WORK INSTRUCTIONS » From the records below, transcribe exactly the lines that begin at the line with "Two sandwiches of" and end at the line with "puzzle with the", both included.

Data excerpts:
************
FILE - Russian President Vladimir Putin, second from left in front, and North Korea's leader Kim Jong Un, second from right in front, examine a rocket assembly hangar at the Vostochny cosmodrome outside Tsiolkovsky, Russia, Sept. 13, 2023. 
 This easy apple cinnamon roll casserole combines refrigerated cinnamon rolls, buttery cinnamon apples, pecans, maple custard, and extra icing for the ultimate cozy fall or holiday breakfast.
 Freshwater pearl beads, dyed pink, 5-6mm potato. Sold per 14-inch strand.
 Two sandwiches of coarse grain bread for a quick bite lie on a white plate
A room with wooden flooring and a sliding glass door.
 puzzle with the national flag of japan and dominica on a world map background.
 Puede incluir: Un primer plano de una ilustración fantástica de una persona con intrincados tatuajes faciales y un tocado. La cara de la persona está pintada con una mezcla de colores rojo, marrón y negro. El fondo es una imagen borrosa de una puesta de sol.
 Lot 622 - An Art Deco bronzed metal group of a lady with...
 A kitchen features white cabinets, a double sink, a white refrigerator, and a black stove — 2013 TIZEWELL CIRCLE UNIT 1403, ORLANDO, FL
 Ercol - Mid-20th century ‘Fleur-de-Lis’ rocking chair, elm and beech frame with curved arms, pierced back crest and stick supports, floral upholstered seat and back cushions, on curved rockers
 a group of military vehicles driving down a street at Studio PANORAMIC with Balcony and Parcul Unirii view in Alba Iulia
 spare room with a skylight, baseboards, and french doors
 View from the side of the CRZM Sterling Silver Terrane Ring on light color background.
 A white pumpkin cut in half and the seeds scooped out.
************
EXERCISE RESULT »
 Two sandwiches of coarse grain bread for a quick bite lie on a white plate
A room with wooden flooring and a sliding glass door.
 puzzle with the national flag of japan and dominica on a world map background.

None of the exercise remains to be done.